Records from a data collection
....
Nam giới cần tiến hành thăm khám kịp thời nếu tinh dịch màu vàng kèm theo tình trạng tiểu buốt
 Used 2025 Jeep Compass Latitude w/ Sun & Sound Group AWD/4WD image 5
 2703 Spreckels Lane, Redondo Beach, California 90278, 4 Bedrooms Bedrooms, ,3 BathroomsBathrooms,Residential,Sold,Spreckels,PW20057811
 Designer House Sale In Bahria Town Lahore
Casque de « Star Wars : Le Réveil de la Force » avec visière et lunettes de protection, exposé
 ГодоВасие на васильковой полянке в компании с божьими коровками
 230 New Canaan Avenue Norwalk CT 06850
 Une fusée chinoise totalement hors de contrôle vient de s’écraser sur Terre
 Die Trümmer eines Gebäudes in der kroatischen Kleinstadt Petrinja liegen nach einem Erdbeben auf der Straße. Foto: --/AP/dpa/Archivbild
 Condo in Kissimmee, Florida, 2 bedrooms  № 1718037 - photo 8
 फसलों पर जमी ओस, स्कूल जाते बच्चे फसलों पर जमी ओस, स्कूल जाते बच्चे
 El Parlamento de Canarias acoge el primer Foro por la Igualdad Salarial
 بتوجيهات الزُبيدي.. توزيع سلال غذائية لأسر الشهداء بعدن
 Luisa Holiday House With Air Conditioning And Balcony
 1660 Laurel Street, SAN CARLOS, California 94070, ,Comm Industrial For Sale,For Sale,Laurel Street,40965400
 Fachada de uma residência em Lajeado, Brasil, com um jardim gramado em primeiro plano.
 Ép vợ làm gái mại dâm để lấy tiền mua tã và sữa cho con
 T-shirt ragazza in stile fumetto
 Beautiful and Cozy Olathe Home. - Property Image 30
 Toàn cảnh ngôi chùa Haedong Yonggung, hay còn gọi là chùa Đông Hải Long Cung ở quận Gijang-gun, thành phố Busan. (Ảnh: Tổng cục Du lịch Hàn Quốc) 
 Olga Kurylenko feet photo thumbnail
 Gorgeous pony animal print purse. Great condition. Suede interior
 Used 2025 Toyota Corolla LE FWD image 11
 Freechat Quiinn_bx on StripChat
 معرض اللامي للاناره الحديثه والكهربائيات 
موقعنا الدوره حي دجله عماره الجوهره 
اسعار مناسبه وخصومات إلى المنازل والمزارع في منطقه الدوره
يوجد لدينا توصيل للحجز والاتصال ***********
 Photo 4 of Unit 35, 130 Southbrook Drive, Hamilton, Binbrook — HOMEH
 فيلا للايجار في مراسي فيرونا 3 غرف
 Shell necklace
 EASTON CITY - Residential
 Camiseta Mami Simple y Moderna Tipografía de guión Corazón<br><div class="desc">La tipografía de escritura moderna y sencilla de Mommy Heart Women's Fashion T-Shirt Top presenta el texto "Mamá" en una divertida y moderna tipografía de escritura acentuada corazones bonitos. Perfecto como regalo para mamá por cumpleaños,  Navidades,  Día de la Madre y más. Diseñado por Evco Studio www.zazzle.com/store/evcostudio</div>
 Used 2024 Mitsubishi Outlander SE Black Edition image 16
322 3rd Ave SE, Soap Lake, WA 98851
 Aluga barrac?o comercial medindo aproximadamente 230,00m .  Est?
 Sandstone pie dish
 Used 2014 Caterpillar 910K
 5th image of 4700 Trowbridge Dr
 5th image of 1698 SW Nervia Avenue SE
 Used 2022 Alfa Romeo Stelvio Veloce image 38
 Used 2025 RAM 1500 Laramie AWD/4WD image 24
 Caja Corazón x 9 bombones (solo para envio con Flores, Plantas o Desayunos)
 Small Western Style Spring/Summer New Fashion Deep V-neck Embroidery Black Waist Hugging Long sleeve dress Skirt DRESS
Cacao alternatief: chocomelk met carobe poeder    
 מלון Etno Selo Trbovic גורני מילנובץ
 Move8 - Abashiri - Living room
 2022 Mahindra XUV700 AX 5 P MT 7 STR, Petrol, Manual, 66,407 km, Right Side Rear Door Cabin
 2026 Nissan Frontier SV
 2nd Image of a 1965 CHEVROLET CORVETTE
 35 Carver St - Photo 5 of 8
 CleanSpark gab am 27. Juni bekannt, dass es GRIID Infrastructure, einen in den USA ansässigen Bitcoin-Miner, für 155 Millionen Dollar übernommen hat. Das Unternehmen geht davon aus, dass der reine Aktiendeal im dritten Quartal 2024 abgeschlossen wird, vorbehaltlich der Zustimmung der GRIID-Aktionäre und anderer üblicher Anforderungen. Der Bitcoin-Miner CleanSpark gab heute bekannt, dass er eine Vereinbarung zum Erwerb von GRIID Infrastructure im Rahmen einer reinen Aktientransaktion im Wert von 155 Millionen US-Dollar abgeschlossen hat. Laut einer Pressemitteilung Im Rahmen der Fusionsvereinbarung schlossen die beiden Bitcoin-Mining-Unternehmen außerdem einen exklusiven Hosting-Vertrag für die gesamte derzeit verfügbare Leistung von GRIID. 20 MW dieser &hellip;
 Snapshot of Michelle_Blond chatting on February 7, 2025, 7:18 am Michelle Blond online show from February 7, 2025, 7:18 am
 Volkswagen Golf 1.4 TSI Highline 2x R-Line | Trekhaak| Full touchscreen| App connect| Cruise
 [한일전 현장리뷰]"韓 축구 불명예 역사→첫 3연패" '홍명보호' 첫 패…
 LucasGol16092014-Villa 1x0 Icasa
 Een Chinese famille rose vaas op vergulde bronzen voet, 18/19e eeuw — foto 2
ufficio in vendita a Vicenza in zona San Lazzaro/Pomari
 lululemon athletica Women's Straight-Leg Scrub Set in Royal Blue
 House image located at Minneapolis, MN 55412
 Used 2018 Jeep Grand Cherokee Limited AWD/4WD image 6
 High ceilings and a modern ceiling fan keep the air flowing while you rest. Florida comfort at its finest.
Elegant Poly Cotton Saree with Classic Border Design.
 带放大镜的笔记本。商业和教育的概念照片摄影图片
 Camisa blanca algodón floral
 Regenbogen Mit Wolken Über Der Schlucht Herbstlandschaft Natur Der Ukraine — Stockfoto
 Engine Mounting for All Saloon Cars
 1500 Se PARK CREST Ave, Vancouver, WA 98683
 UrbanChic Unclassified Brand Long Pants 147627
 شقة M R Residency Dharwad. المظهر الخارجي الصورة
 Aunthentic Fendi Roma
....
• **ACTIVITY**
Once you find the string "California" in a line of the records, copy that line.

• **EXERCISE SOLUTION**
 2703 Spreckels Lane, Redondo Beach, California 90278, 4 Bedrooms Bedrooms, ,3 BathroomsBathrooms,Residential,Sold,Spreckels,PW20057811
 1660 Laurel Street, SAN CARLOS, California 94070, ,Comm Industrial For Sale,For Sale,Laurel Street,40965400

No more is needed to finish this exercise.